Statues, wildlife figures and, in one case, a copy of Jasper Johns' 1960 metallic collage "Flag," are turning up for sale in stores, garden centers and other outlets without the approval of the artists who originally created them, and sometimes at top-end prices.

American sculptors say they are losing income and spending tens of thousands of dollars in legal expenses trying to track down and stop the knock-offs, often with little success. Many of the forgeries come from foundries in Asia, while advances in digital scanning and photography are making copycat sculptures even easier to create.

Art crime police say it is difficult to estimate the scale of the trade in fakes.
"There is a significant problem of knock-offs in all areas of the art world," Robert K. Wittman, retired founder of the FBI's Art Crime Team.

He cited an Interpol statistic of $6 billion in annual art crimes around the world, of which the majority are forgeries. Unauthorized sculpture castings are classified by the FBI and Interpol as forgeries.
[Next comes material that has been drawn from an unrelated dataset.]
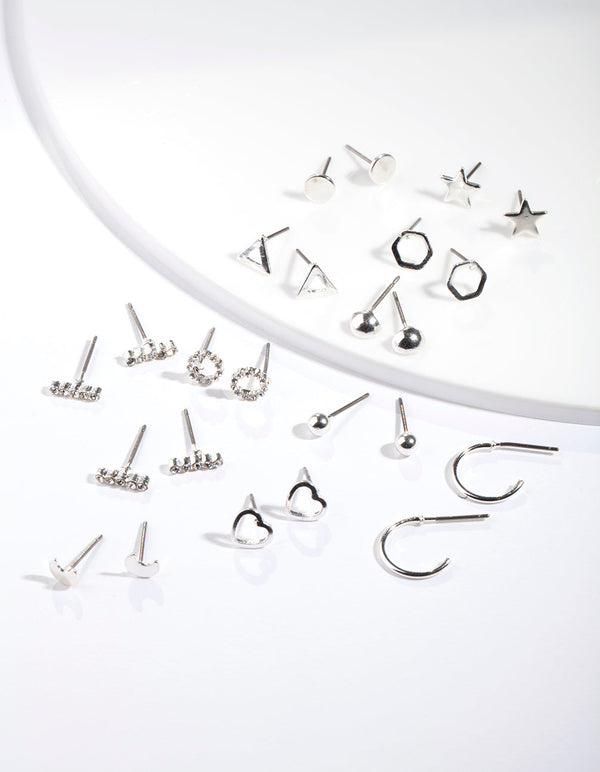 Silver Geometric Shape Stud Earring 12-Pack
Eli Hopkins, business manager for his father, Colorado-based wildlife sculptor Mark Hopkins, said he found fiberglass copies of his father's bronzes in a Hobby Lobby arts and crafts store selling for one-tenth the price of the originals.

"I used to get catalogues of decorations just to look for copycats, but I just stopped after a while," Hopkins told Reuters. "I got too stressed out finding things and then finding out that I couldn't do anything to stop it."

Over the years, he and his father, whose work has been collected by McDonnell Douglas Corp and former President Bill Clinton, among others, have spent more than $75,000 in legal expenses, hiring lawyers to write cease-and-desist letters, occasionally going to court and only sometimes meeting with success.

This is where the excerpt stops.